その名前から分かる通り、ViewControllerを再帰的に表示します。

(lldb) pvc
<LLDB.ViewController 0x136606100>, state: appeared, view: <UIView: 0x136506aa0>

fv, fvc

正規表現を引数に指定し、その引数にマッチするクラスのView / ViewControllerを見つけます。また、見つかったViewをクリップボードに保存します。

(lldb) fv UIView
0x136506aa0 UIView
0x126506740 UIView
0x126507ff0 UIView
0x126509330 UIView

show / hide

特定のViewやLayerを表示または非表示にします。UIの特定のパターンを確認するのに役立ちます。

上記の例では、黒いUIViewが黄色いUIViewに重なっています。一時的に黒いUIViewを非表示にしてみましょう。

pviewsコマンドを使用して非表示にしたいUIViewのアドレスを見つけてコピーします。この例では、 “0x129304940″です。これをhideコマンドの引数として実行すると、

(lldb) hide 0x126509330

以下のように黒いUIViewが消えたことが確認できます。

 

flicker

指定したビューまたはレイヤーを一瞬点滅させます。特定のビューを制御したい場合に便利です。

(lldb) flicker 0x126509330

visualize

指定したアドレスのUIImage、CGImageRef、UIView、CALayerをMacのPreview.appを使用して表示します。オブジェクトがどのようなUIを持っているかを確認する場合に有用です。
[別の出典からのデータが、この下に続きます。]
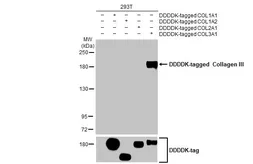 Anti-Collagen III antibody [HL1906] used in Western Blot (WB). GTX637655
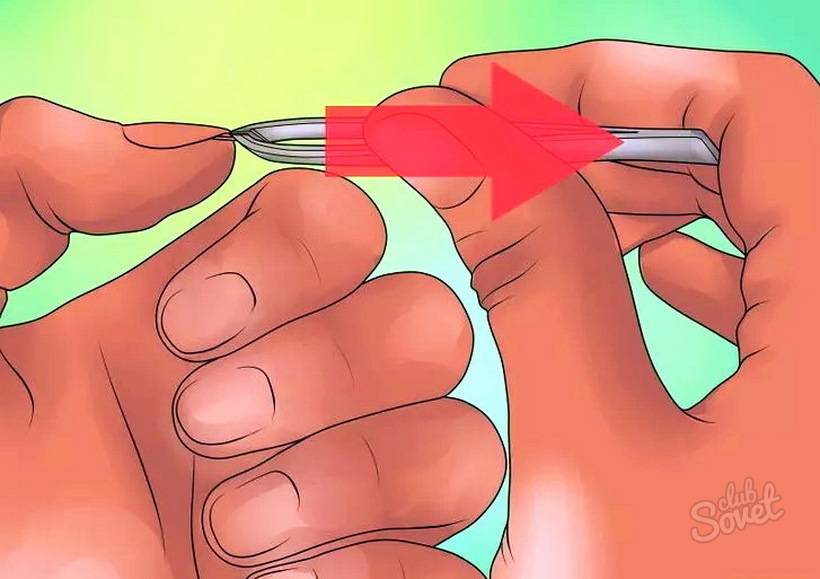 Как вытащить занозу из волоса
(lldb) visualize 0x126509330

実行結果から、上記のアドレスが黒いUIViewであることがわかります。

その他にも、アニメーションの速度を調整する(slowanim)、NSURLRequestをcurlコマンドに変換する(pcurl)、NSDataを文字列として表示する(pdata)など、さまざまな機能が含まれています。

最後に

LLDBを使用すると、単純にブレークポイントを使用するだけのデバッグよりも柔軟で拡張性のあるデバッグが可能です。例では触れていませんが、フレームワークレベルの非公開領域の情報を確認したり、クラッシュログのダンプをシンボリックリンクして表示したり、OSのシェルコマンドと組み合わせて複雑な処理をしたりすることが可能です。

ユーザーはLLDBを介してソースコードとアセンブリコードの両方をデバッグすることができ、さまざまなデータ型やメモリ構造を調査することもできます。また、LLDBはスレッド、スタック、変数、オブジェクトの状態を監視および変更する機能も提供しています。

このように、LLDBを使用することで、プログラムのバグを素早く発見・修正できるようになり、より速く安定したソフトウェア開発が可能となるため、まだLLDBを試したことがない場合は、今回試してみることをお勧めします。